Человек – не данность, не «явление». Он постоянно перерастает сам себя. Он существует и, более того, становится человеком, лишь вопрошая о своем бытии. Но нельзя думать, что его бытию суждено остаться предметом вечного недоумения. В самой решимости человека вопрошать о себе таится безусловный ответ всем вопросам о сущности человека. Ибо вопросы эти возникают не на пустом месте. Они подразумевают существование чего-то в человеке, что побуждает его задавать их, что делает их возможными. И чем меньше в данном случае уверенность в обладании знанием, тем, как ни странно, больше его уверенность в наличии этого сокрытого условия всякого размышления, этой первичной правды человека, которая может быть постигнута мыслью, но не может быть предметом ее манипуляций. Человек не может уйти от правды. Но он может прийти к ней.

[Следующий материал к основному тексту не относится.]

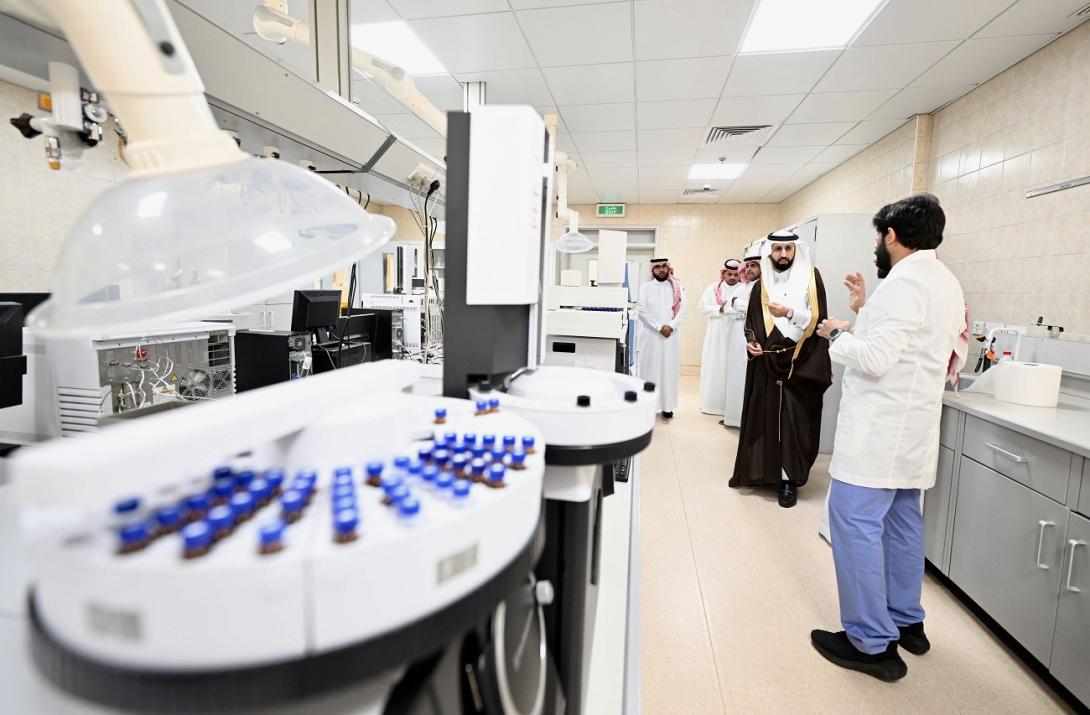 رئيس "الغذاء والدواء" يتفقّد المرافق التابعة للهيئة بالمنطقة الغربية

Безусловно, путь «от себя к себе» неуловим для логических формул, он превосходит дуализм, устанавливаемый языком: двигаясь вперед, мы возвращаемся здесь назад, поднимаясь вверх – опускаемся вниз, выходя вовне – входим вовнутрь. В этом диахронном движении – вся природа реальности, которая дана нам не как тезис, а как некое свершение, действие, событие. Именно: со-бытие, соположение фактов бытия, которое представляет собой как бы границу сознания и бытия, одновременно соединяющую и разъединяющую их. Ему соответствует решимость восстановить порядок вещей, предшествующий нашей способности противостоять вещам; решимость все определить, оставляя все на своих местах. Акт «понимания» этой глубинной динамики бытия и мышления преодолевает ограниченность субъективированного сознания. Через осознание неизбежности и неустранимости раскола он возвращает к совершенной целостности мира. Он ведет к нашему общему дому, который, по словам Т. С. Элиота, есть
Вся жизнь, горящая в каждом миге,
И не просто жизнь одного человека,
Но и древнего камня, который нельзя разгадать…
Жизнь древнего камня: вечность, сжатая в пространство. Беспредельное, ставшее конкретным. Вот знаки реальности, никогда не оставляющей равнодушным, но вечно ничьей. Эта реальность – «упрямый факт» (выражение А. Н. Уайтхеда) неуничтожимости мира, взятого как целое; она есть, если прибегнуть к китайскому термину, всеобъятная «пустота», неотделимая от феноменального мира. В необозримой перспективе всепроницающей пустоты вещи не отсылают к некоей метафизической реальности, а сами открывают себя, утверждая безусловный характер своего индивидуального бытия. Так мы постигаем Безусловность различий в универсальном не-различении. Американский поэт Э. Паунд, ссылаясь на древнего китайского философа Мэн-цзы, по-своему выразил восприятие мира в его «конкретной пустотности»:
В мире есть, сказал Мэн-цзы, только
Phеnоmеnа. Mоnumеntа.
В природе есть надписи, для которых слова не нужны,
дубовый лист никогда не лист платана…
«Монументальные феномены», нюансы, превращенные в фундаментальные факты бытия, загадка контрастного единства преходящего и неизменного, индивидуального и всеобщего – вот название той предшествующей языку и пониманию реальности, которая выявляется в перспективе человеческого самопознания. Это познание удостоверяет бесконечное в конечности вещей. Оно основывается не на провозглашении бесконечности человека, а на принятии его конечности.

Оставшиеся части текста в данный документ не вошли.